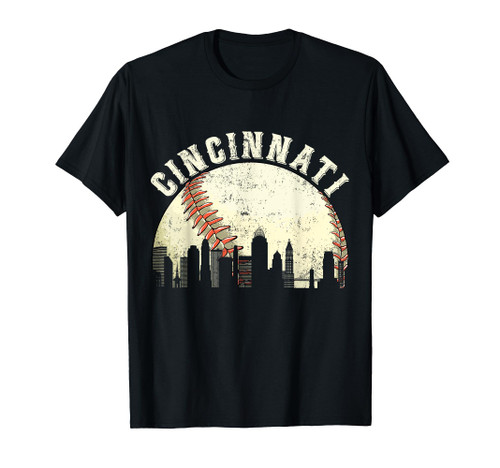 Vintage Cincinnati Cityscape Baseball Lover Men Women Kids T-Shirt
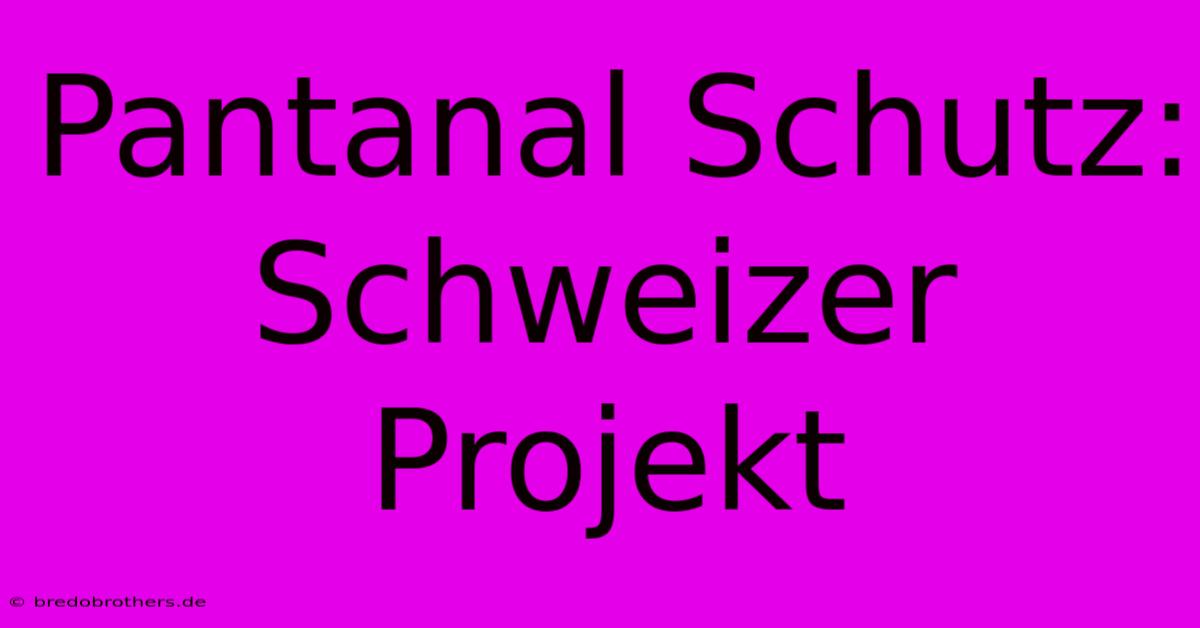 Pantanal Schutz: Schweizer Projekt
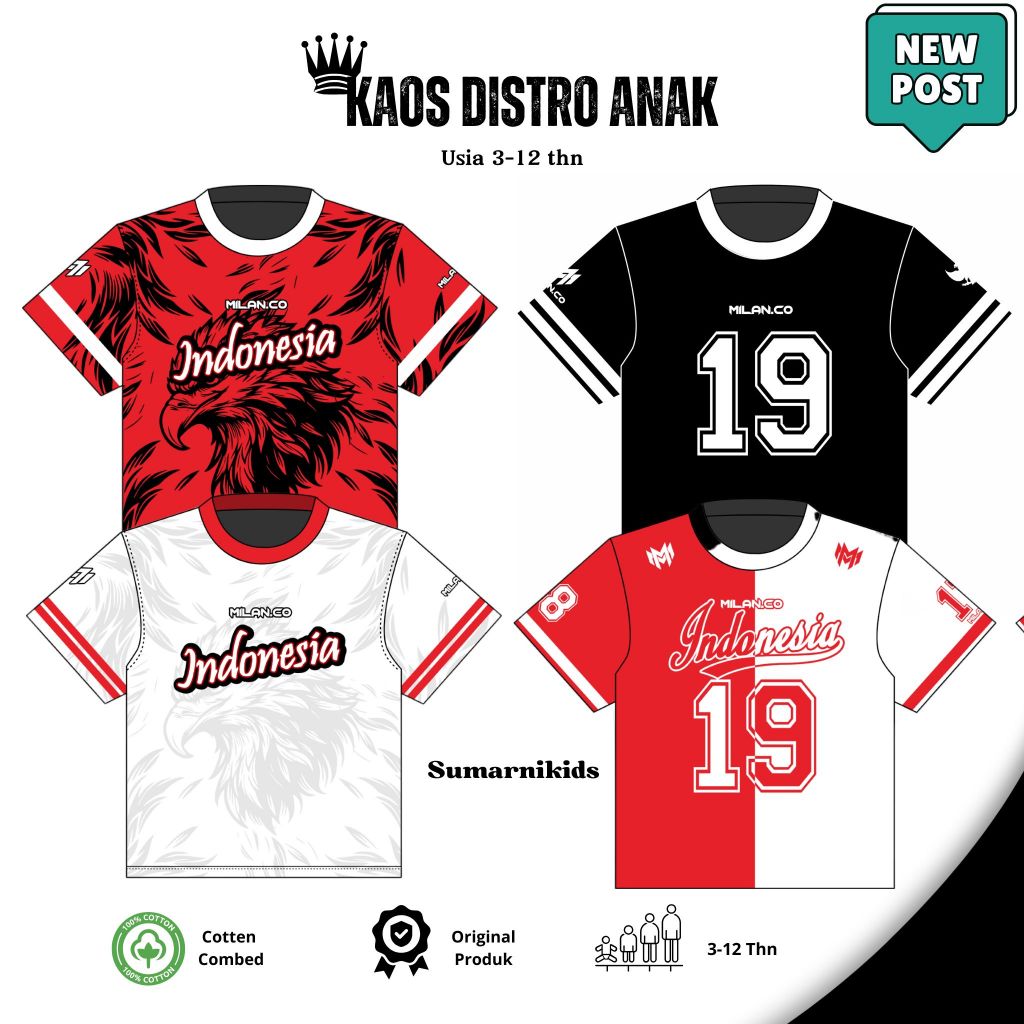 Sumarni Kids Kaos Jersey Anak Laki Laki Perempuan 3-12 Tahun Baju Jersey Bola Anak Premium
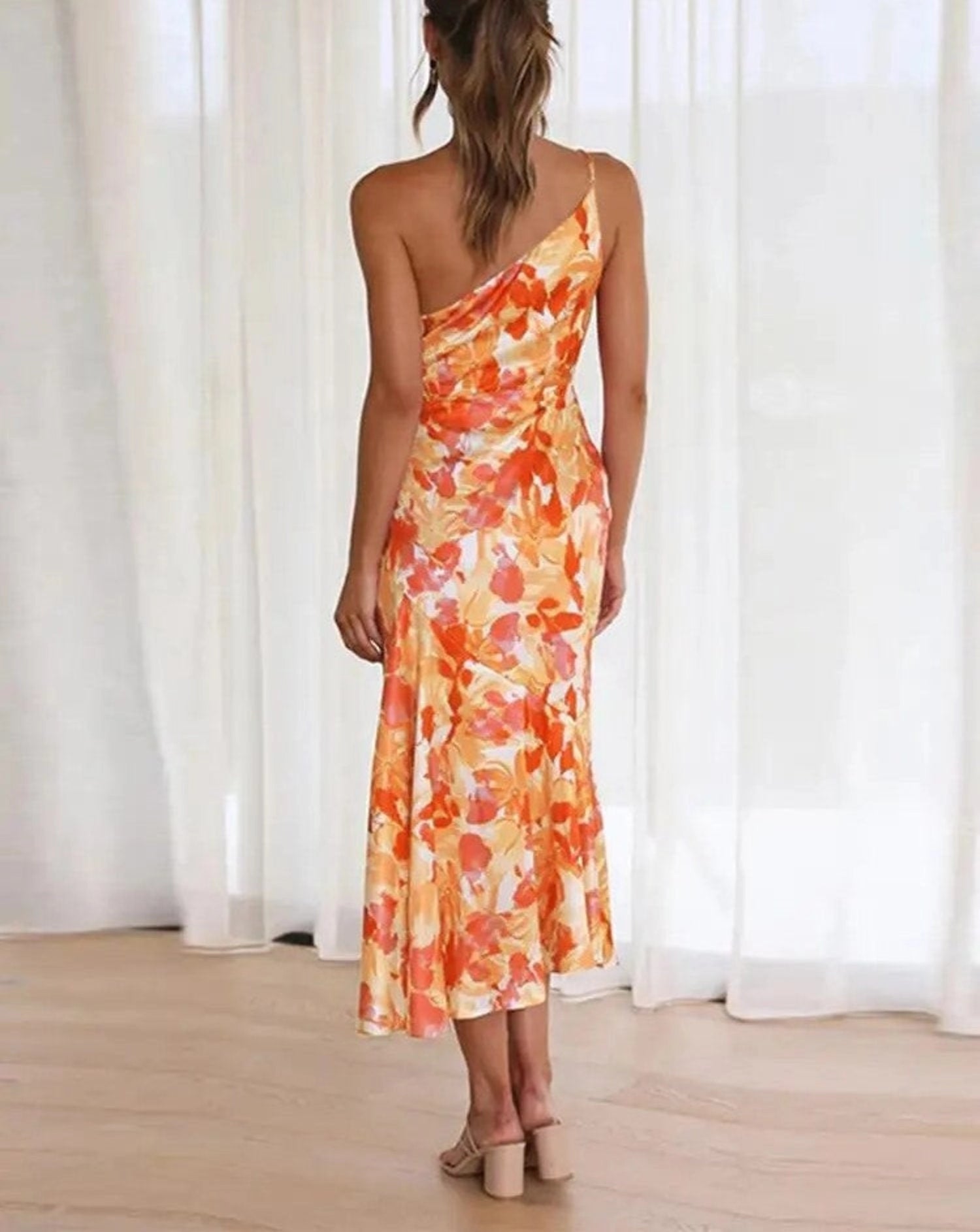Elegant Collection | Floral Midi Dress with Asymmetric Design | Flattering Silhouette for Effortless Charm 8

## Your objective
Word for word, print all of the data; skip the pictures.

## Finished exercise
 Vintage Cincinnati Cityscape Baseball Lover Men Women Kids T-Shirt
 Pantanal Schutz: Schweizer Projekt
 Sumarni Kids Kaos Jersey Anak Laki Laki Perempuan 3-12 Tahun Baju Jersey Bola Anak Premium
Elegant Collection | Floral Midi Dress with Asymmetric Design | Flattering Silhouette for Effortless Charm 8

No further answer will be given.